The enemy within is this false progressivism which, in the name of benevolent inclusion, replaces the word “woman” with the terms “person with a uterus”, glorifies men disguised as women, allows biological men to stealing sports medals from women, turning a blind eye to abortions strictly because the fetus is female, and dismissing science when the facts are inconvenient.

Pseudoprogressives and true regressives become allies in this fight which reveals the astonishing fragility of historical gains.

We brandish the word “feminism”, we often claim it, but we flout its principles and attack its conquests.

We even arrive at zanies like so-called “Islamo-feminism”, which we could laugh at if its concrete consequences were not tragic.

And then too bad, I can’t resist the temptation to tell you that the findings are irrefutable, the examples are numerous and perfectly documented, the argument is made of reinforced concrete, and the prose is crystal clear.

System

This book, which deserves the widest possible distribution, risks coming up against two obstacles.

The first is overabundance.

There are too many books produced for the small Quebec market.

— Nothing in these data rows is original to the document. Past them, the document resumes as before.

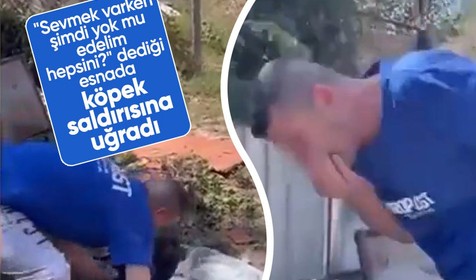 Yaralı köpeği beslerken saldırısına uğradı! Doktorun sözlerine rağmen tek derdi bakın ne oldu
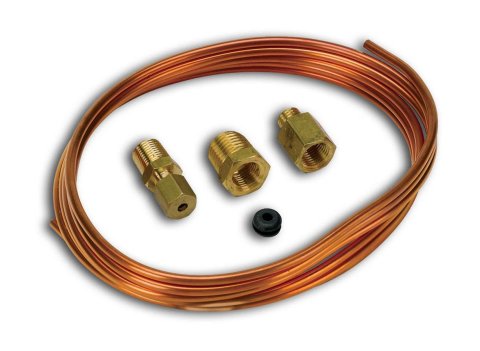 Autometer 6 Foot Copper Tubing 1/8 Inch Diameter thumbnail 8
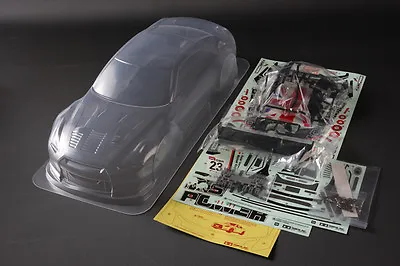 £30.66 • Buy Tamiya 51453 1/10 RC Car Body Parts Set Nissan R35 GT-R Nismo GT1 Sumo Power GT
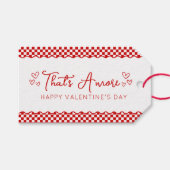 アモアだ！イタリアンテーマValentine's Dayパーティー ギフトタグ (正面(横))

The system of subsidies, necessary for fragile genres like poetry to be minimally viable, has the perverse effect of allowing piles of uninteresting books to see the light of day.

Difficult to emerge from this clutter.

The second could be the silence orchestrated by ideological adversaries, housed in positions of influence in the media apparatus.

When we have no arguments to oppose, we wait for one novelty to chase another.

I also bet that many will attack the author and not the book… that they will make it a point not to read.

I don’t know if essays are your cup of tea or not, but if you only have to read one this year, this is it.